WORK TO BE COMPLETED: Please return all of the records verbatim, with the pictures omitted.

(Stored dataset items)

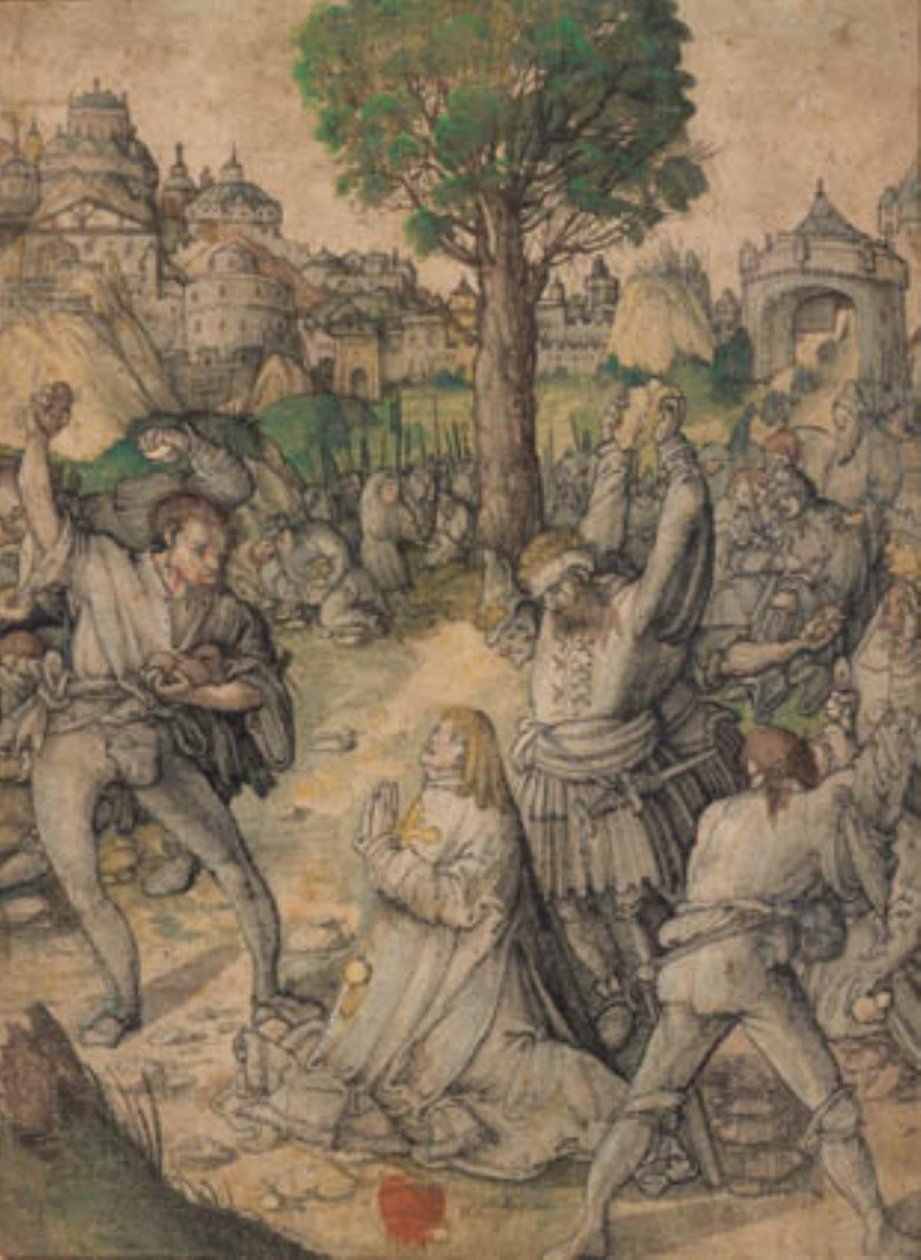 O apedrejamento de St Stephen fora do Golden Gate de Jerusalém de Lucas Cranach d.Æ.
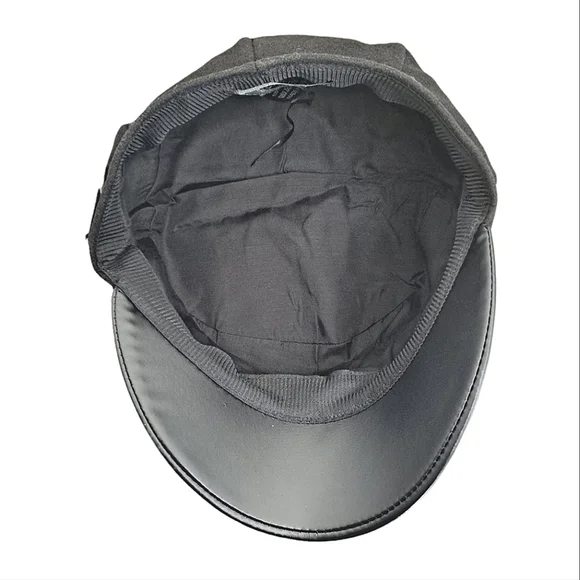 Women's Baker boy black faux leather fabric soft hat cap casual beret new - Picture 12 of 16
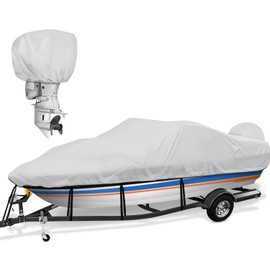 Mionovity Bass Boat Cover 16-18.5ft, 600D Heavy Duty Waterproof Boat Cover 16 17 18.5 Foot (16'-18.5' with Motor Cover), Fits V-Hull, Fishing, Runabout Bowrider Boat
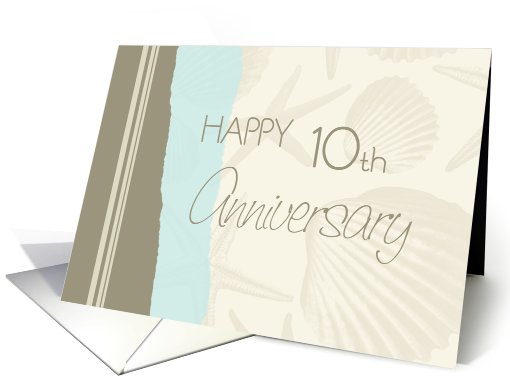 Seashells Happy 10th Anniversary card (602227)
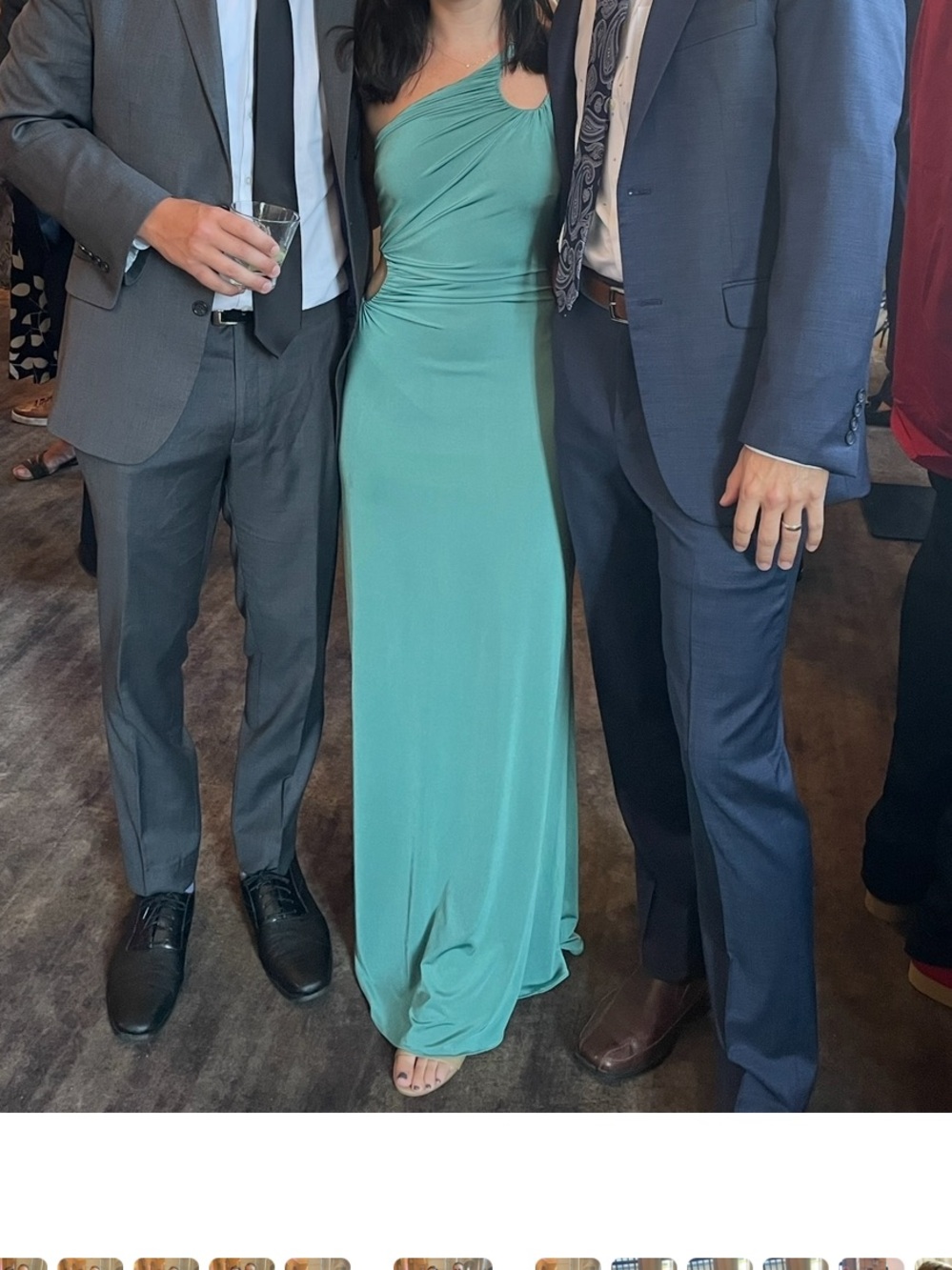 Teal Green One-Shoulder Ruched Evening Dress wedding guest dress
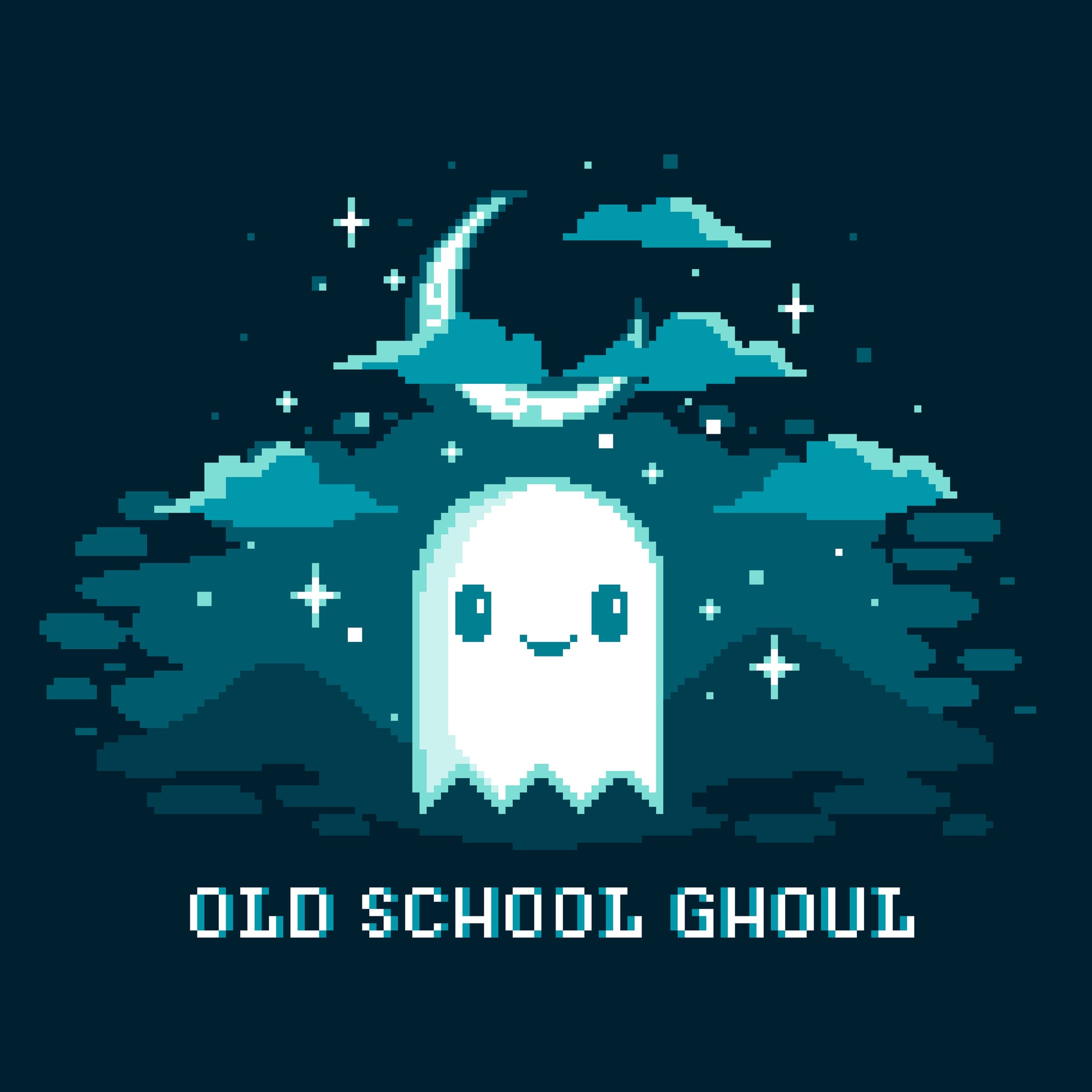 TeeTurtle Old School Ghoul black t-shirt.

RESULT FOR THIS TASK:
 O apedrejamento de St Stephen fora do Golden Gate de Jerusalém de Lucas Cranach d.Æ.
 Women's Baker boy black faux leather fabric soft hat cap casual beret new - Picture 12 of 16
 Mionovity Bass Boat Cover 16-18.5ft, 600D Heavy Duty Waterproof Boat Cover 16 17 18.5 Foot (16'-18.5' with Motor Cover), Fits V-Hull, Fishing, Runabout Bowrider Boat
 Seashells Happy 10th Anniversary card (602227)
 Teal Green One-Shoulder Ruched Evening Dress wedding guest dress
 TeeTurtle Old School Ghoul black t-shirt.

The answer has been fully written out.